> Exercise objective
In the listing below, find the line containing "Heavy Duty 2800LBS" and the line containing "Красный Мерседес ГЛК-Класс, объемом". Repeat exactly those two lines and every line between them, nothing more.

> Task input
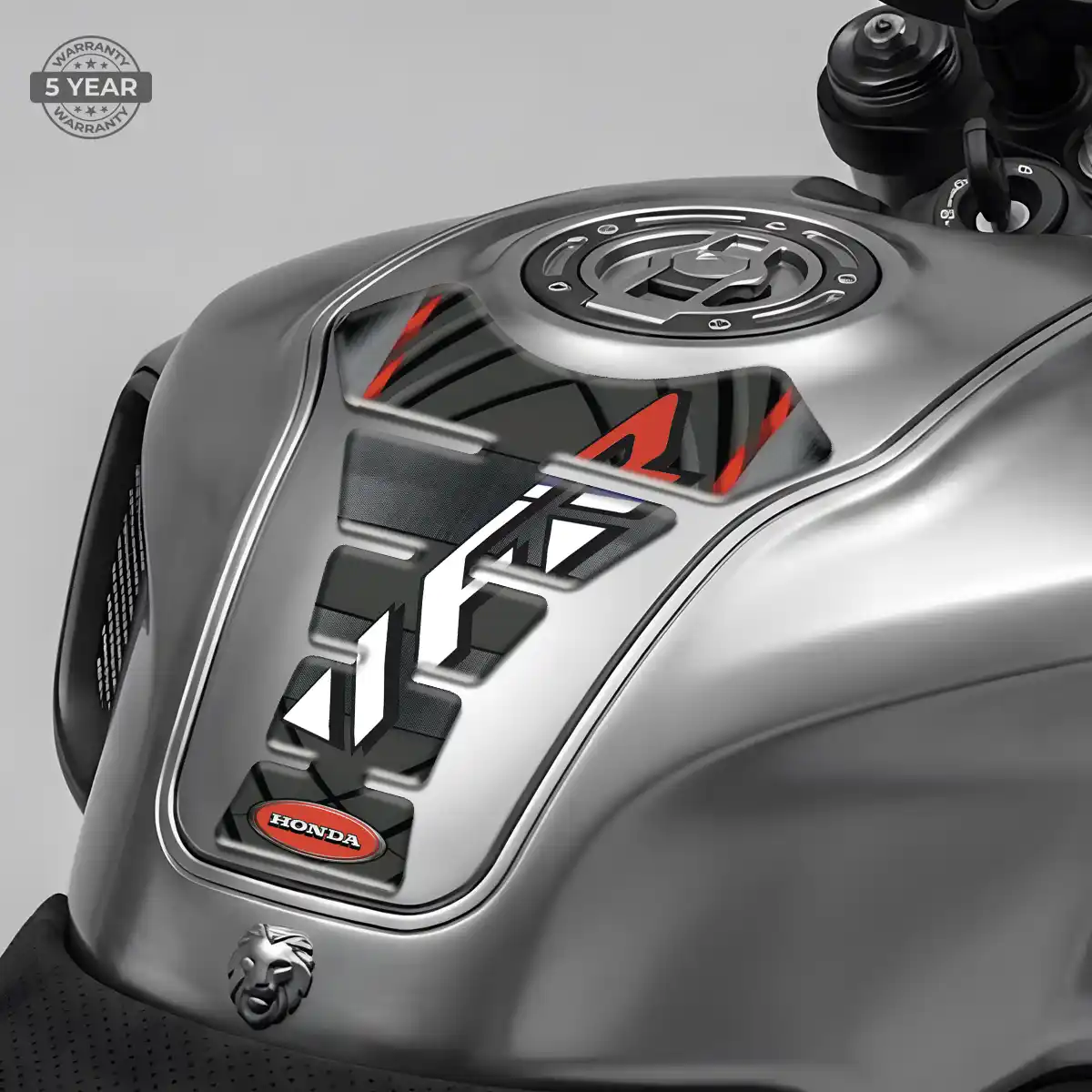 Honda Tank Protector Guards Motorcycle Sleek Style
...
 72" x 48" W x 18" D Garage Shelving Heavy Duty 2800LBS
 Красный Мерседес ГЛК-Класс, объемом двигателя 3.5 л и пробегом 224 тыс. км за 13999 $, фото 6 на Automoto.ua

> Solution to the problem
 72" x 48" W x 18" D Garage Shelving Heavy Duty 2800LBS
 Красный Мерседес ГЛК-Класс, объемом двигателя 3.5 л и пробегом 224 тыс. км за 13999 $, фото 6 на Automoto.ua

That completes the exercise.